**WORK TASK**
Give back the full listing verbatim, apart from its images.

─── DATA SEGMENT ───

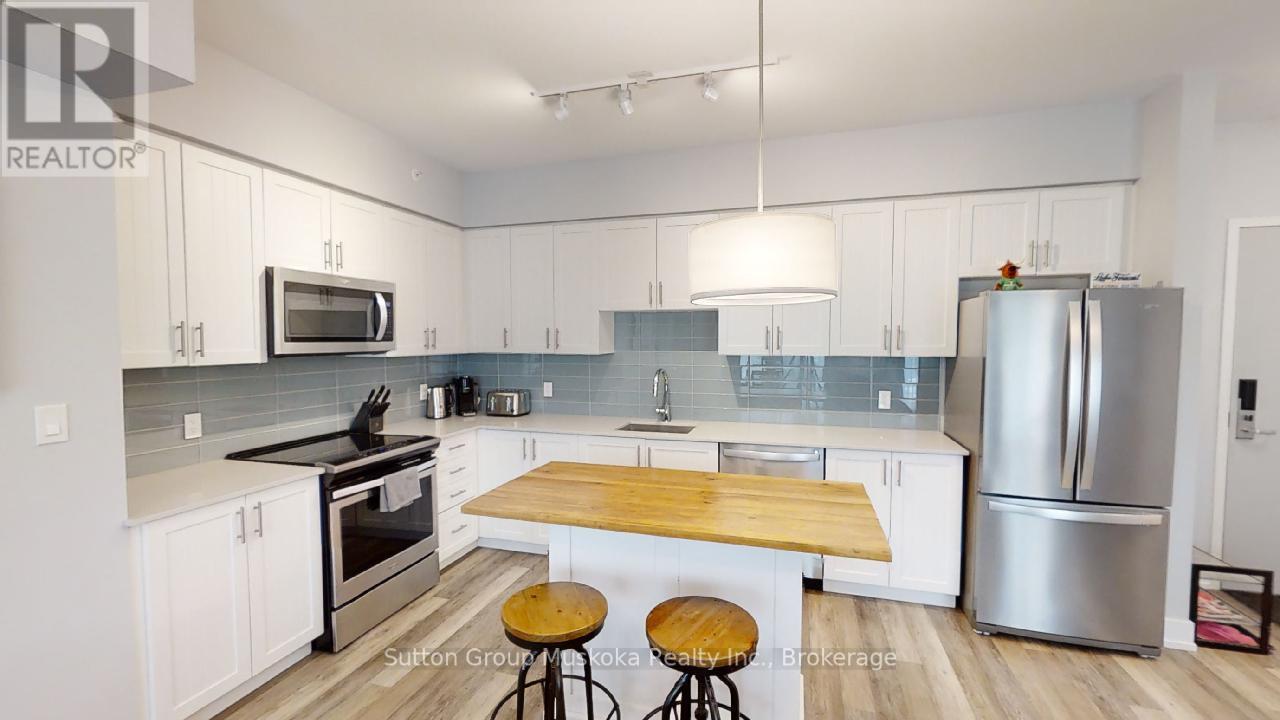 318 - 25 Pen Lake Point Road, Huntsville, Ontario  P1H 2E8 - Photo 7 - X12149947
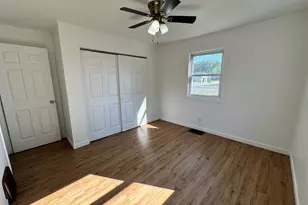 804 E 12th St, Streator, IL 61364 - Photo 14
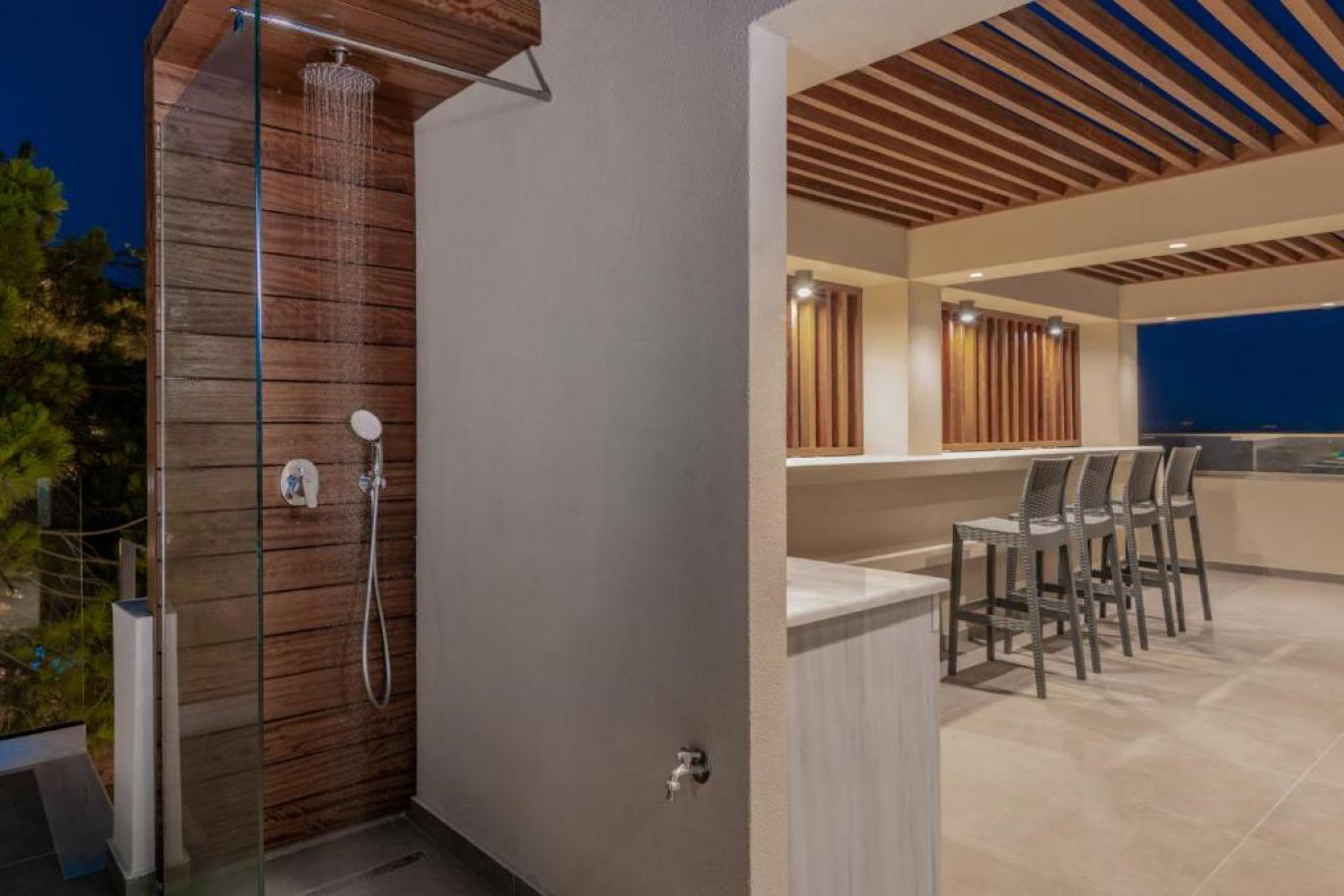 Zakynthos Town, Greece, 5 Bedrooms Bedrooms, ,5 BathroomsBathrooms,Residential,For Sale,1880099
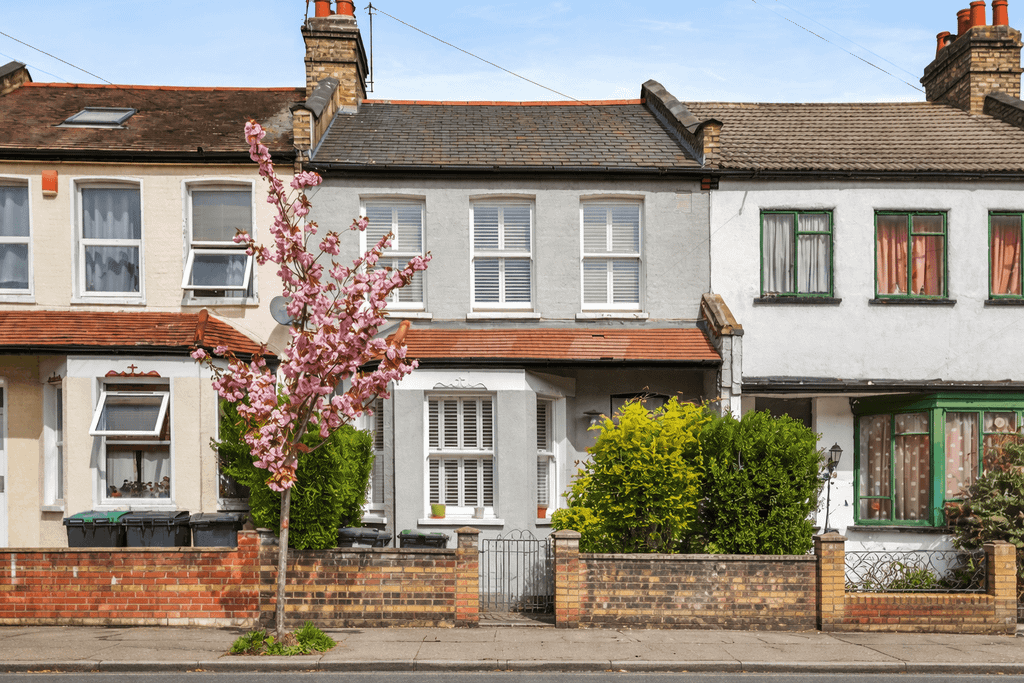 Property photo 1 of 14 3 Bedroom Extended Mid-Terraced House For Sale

───

**TASK RESPONSE**
 318 - 25 Pen Lake Point Road, Huntsville, Ontario  P1H 2E8 - Photo 7 - X12149947
 804 E 12th St, Streator, IL 61364 - Photo 14
 Zakynthos Town, Greece, 5 Bedrooms Bedrooms, ,5 BathroomsBathrooms,Residential,For Sale,1880099
 Property photo 1 of 14 3 Bedroom Extended Mid-Terraced House For Sale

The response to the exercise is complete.